Cristina Rosario desanda el tiempo y lo deshace para hacernos entender con certeza manifiestamente clara, aunque no hay el menor tono panfletario o enfático en la obra, que el exceso de buenismo —ideales en definitiva un poco infrahumanos— puede, aun con las mejores intenciones, llevarnos de cabeza a un horror peor que el ya conocido. Por descontado, este libro es buena lectura para los tiempos que corren. A nivel informativo, es plenamente vigente, hoy tanto o más que hace cien años. Tal vez la autora peca en el uso abundante de galicismos, pero es comprensible porque trata de dar en todo momento una dimensión real, y los aristócratas rusos vivían y sentían en francés, hasta que llego la nieta de la reina Victoria de Inglaterra al trono ruso con su loco aburguesamiento, entre otras cosas peores y de sobra conocidas. Es evidente que comparto con la autora mi desagrado por la infeliz zarina Alejandra, no dejando de sentir la profunda compasión en el plano personal que sus circunstancias suscitaban.

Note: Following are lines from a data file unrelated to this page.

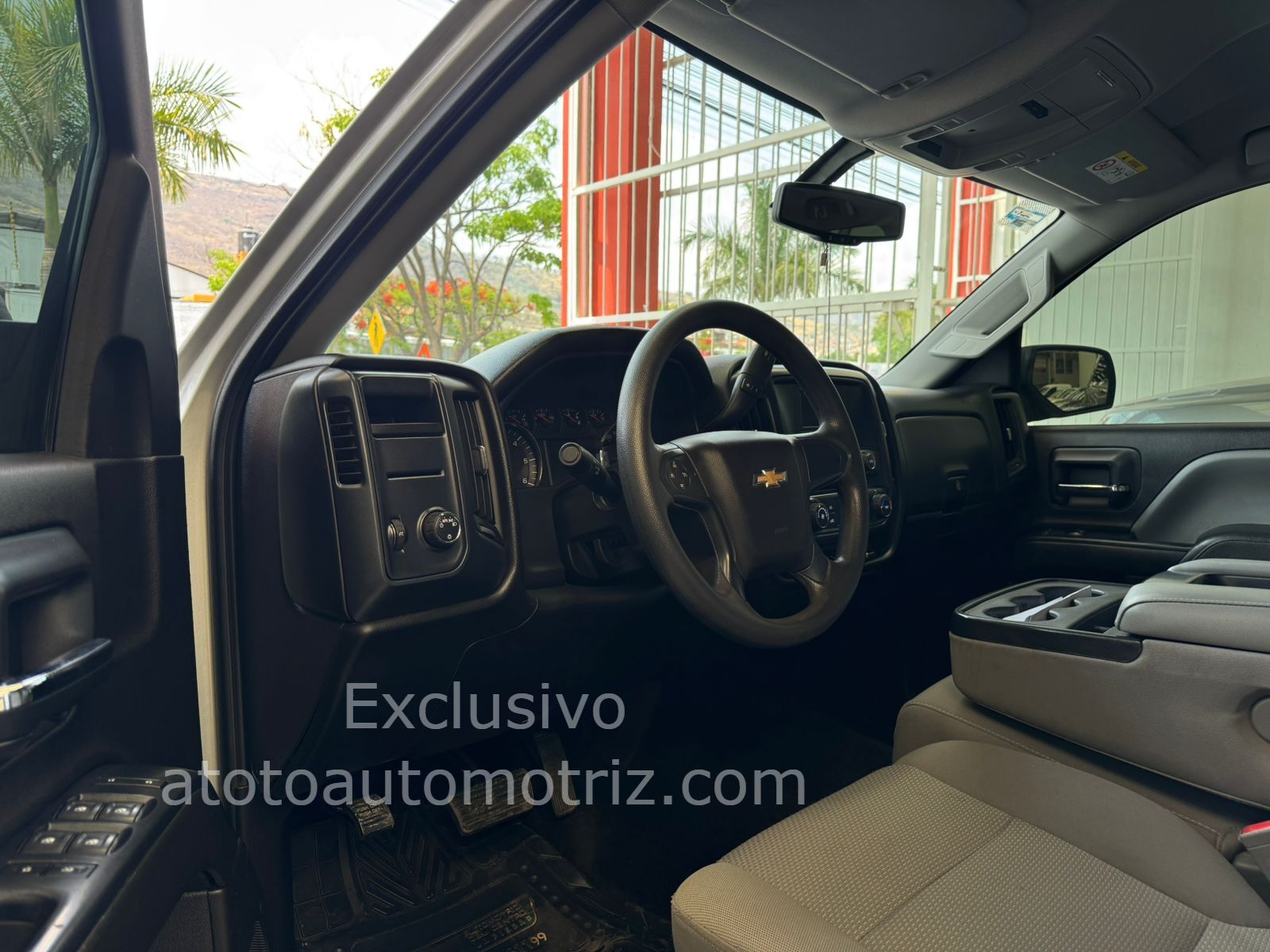 Chevrolet Silverado 2017 2500 Cab Paq C Ls 6 cilindros Automátic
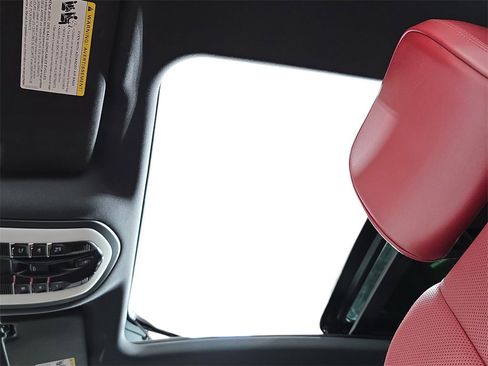 Used 2023 Porsche Macan S image 28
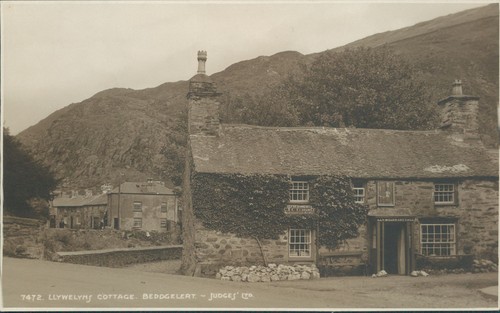 Llywelyns cottage bedgelert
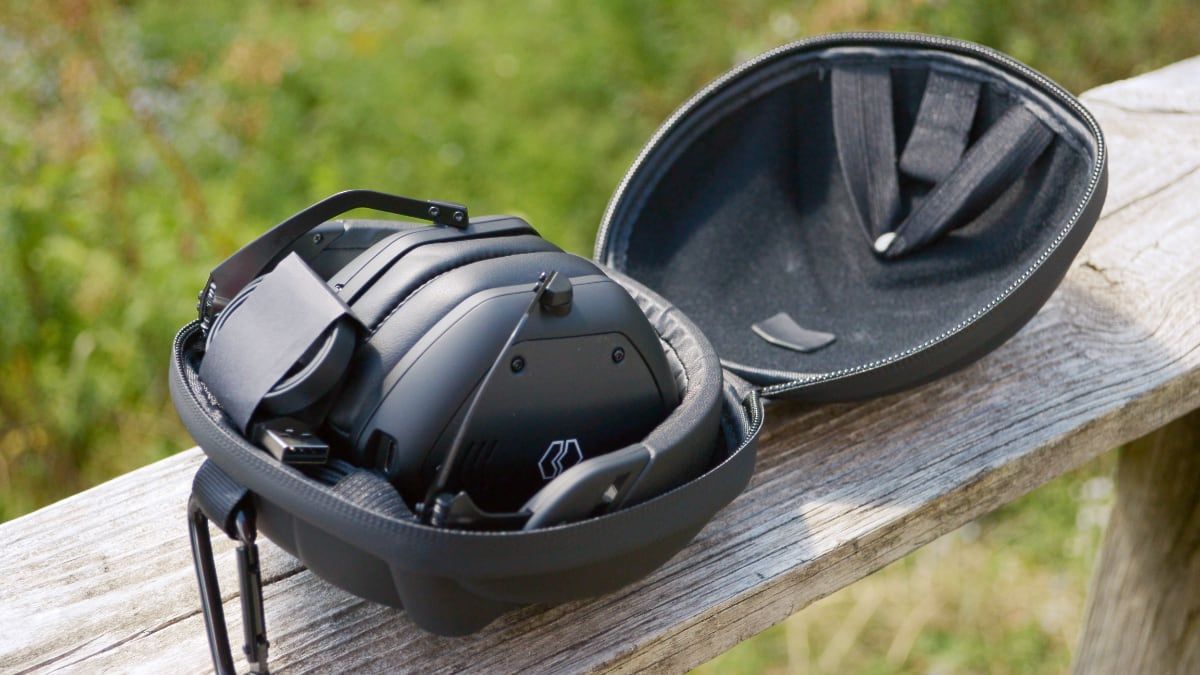 V-Moda Crossfade 3 Wireless no estojo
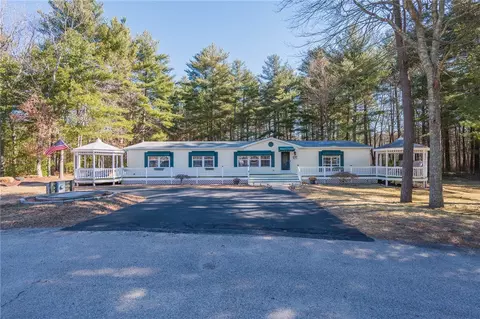 1 Giovanni Rose Ct, Coventry, RI 02816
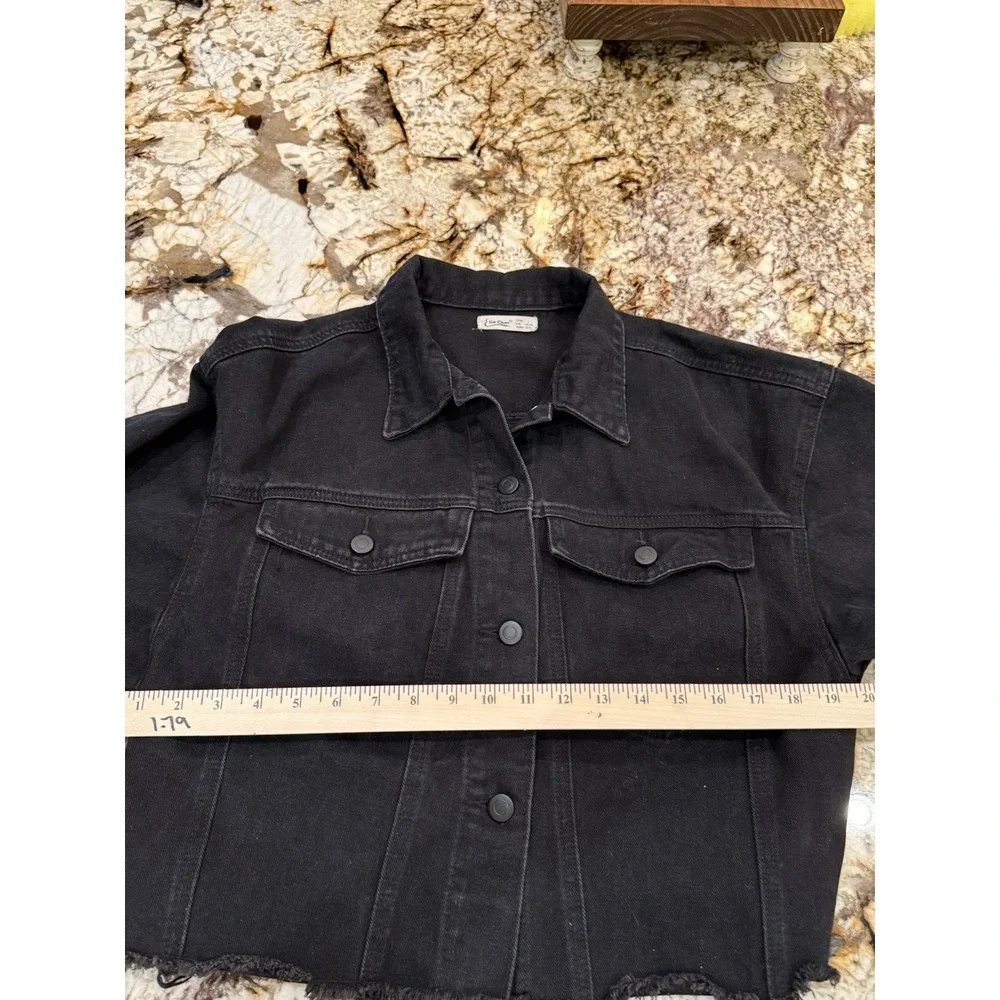 Lia Cher Women's Black Denim Jean Jacket Raw Hem Collared Pockets L 12-14 - Picture 8 of 9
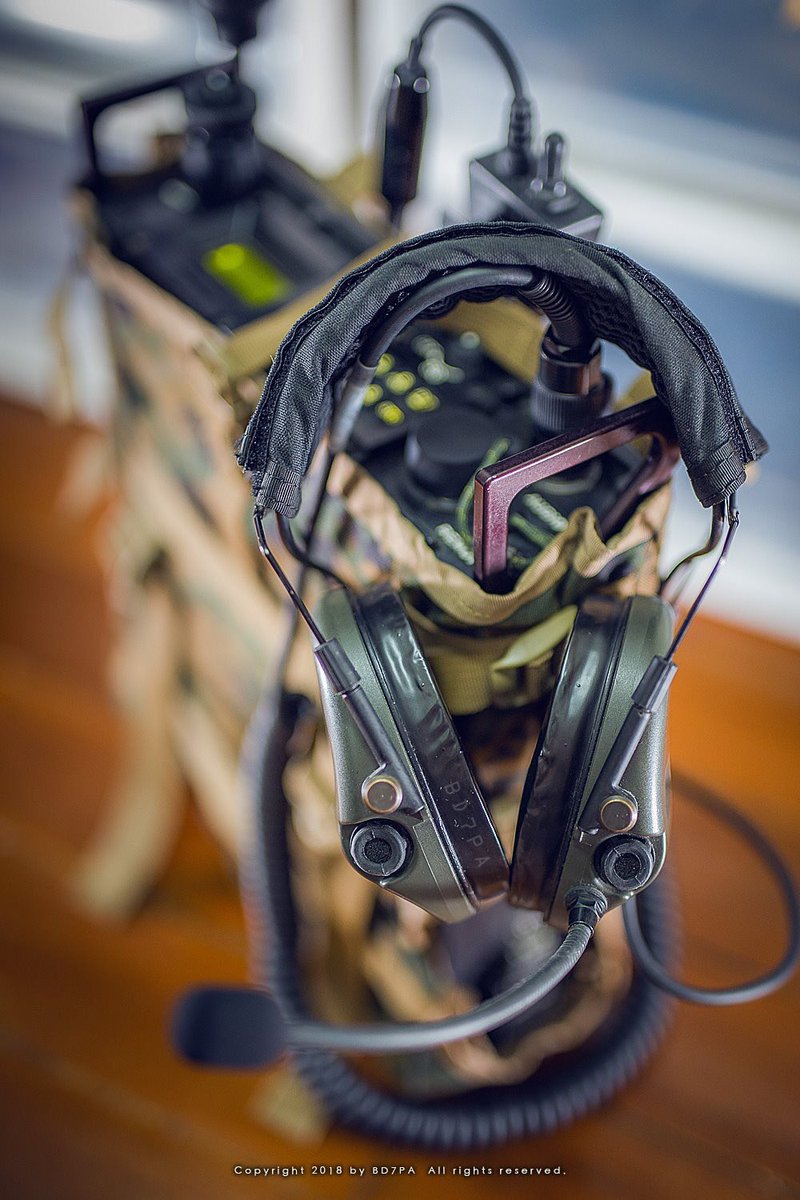 bd7pa's tweet photo. Hi-Threat Tactical headset my favorites #hithreat #teacomm #tacticalcomm https://t.co/G7jdBIBgfR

Personalmente no definiría a Cristina Rosario como rusóloga o rusófila, pues no son términos que le hagan justicia: ella ha sabido interpretar el alma rusa, Dostoievsky está en su ser y basta leerla para darnos cuenta de que vida y muerte están presentes de forma real y cruel en la obra, tanto como lo estuvo en la vida de la familia imperial, en el pueblo ruso y, finalmente, cuando la muerte se lleva lo más querido de Natasha, lo poco que le quedaba: el hijo amado del gran amor de su vida, muerto en plena lozanía para el hundimiento e infortunio total de su progenitora
Solo me resta decir que la lectura de esta obra dio forma a un viejo sueño que he tenido siempre: haber conocidos rusos blancos en París, y esa escena tan bien lograda por la autora en que una Natasha en el ocaso de su vida y de su triste destino, a vueltas de todo dolor posible, rememora el pasado junto a otro exiliado me pareció vivida, propia, una especie de déjà vu. Los dos rusos blancos en París.